Auffällig sind außerdem die Rechnungsabgrenzungsposten von 4,28 Mio. Euro, nach 3,25 Mio. Euro im Vorjahr. Das ist für die Größe der Gesellschaft erheblich. Ohne nähere Erläuterung bleibt unklar, welche wirtschaftlichen Sachverhalte hier abgegrenzt werden. Transparenz sieht anders aus.
Der Gewinn ist zwar positiv, aber gemessen an der Bilanzsumme extrem niedrig. 41.013 Euro Jahresüberschuss auf 35,83 Mio. Euro Bilanzsumme ergeben eine Gesamtkapitalrendite von nur rund 0,11 Prozent. Das ist hauchdünn. Die Eigenkapitalrendite wirkt wegen des winzigen Eigenkapitals rechnerisch hoch, ist aber wenig aussagekräftig. Bei einer Eigenkapitalbasis von nur 172.000 Euro kann schon ein kleiner Verlust das Bild drastisch verändern.
Ein weiterer Punkt: Die Gesellschaft beschäftigte im Geschäftsjahr durchschnittlich 0,0 Arbeitnehmer. Das ist bei einer Immobilienverwaltungs- oder Beteiligungsstruktur nicht automatisch problematisch. Es zeigt aber: Operative Substanz im klassischen Sinne ist kaum vorhanden. Die Tätigkeit dürfte über Vorstand, Dienstleister, verbundene Parteien oder externe Strukturen laufen. Für Gläubiger und Geschäftspartner ist das ein Punkt, den man kennen sollte.
Positiv ist, dass die Gesellschaft nicht defizitär arbeitet. Der Jahresüberschuss steigt leicht, das Eigenkapital wächst, die kurzfristige Verschuldung wurde deutlich reduziert beziehungsweise in längere Laufzeiten verschoben. Kurzfristig wirkt die Lage dadurch weniger angespannt als 2023.
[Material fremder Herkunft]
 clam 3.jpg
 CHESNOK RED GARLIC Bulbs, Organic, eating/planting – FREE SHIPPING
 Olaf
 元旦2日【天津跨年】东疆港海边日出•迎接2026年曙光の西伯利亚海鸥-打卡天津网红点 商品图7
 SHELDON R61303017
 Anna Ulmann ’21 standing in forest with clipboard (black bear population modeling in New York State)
Trotzdem bleibt das Gesamturteil kritisch: Diese Bilanz ist stark gehebelt, wenig transparent und extrem dünn kapitalisiert. Die Gesellschaft hat kaum Eigenkapitalpuffer, hohe Forderungen, hohe Vorräte, hohe Abgrenzungsposten und fast ausschließlich Fremdfinanzierung. Das kann funktionieren, solange die Vermögenswerte werthaltig sind, die Finanzierung stabil bleibt und keine größeren Wertberichtigungen notwendig werden. Kommt es aber zu Ausfällen, Preisrückgängen oder Refinanzierungsproblemen, ist der Spielraum sehr klein.
Fazit: Die RIVAG ist bilanziell nicht akut auffällig wegen Verlusten, sondern wegen ihrer Struktur. Sie zeigt Gewinn, aber keine echte Ertragskraft. Sie zeigt Vermögen, aber kaum Eigenkapital. Sie zeigt Entspannung bei kurzfristigen Verbindlichkeiten, aber eine massive Abhängigkeit von langfristigem Fremdkapital. Seriös formuliert: Das ist keine Krisenbilanz. Knallhart formuliert: Das ist eine Bilanz auf sehr dünnem Fundament.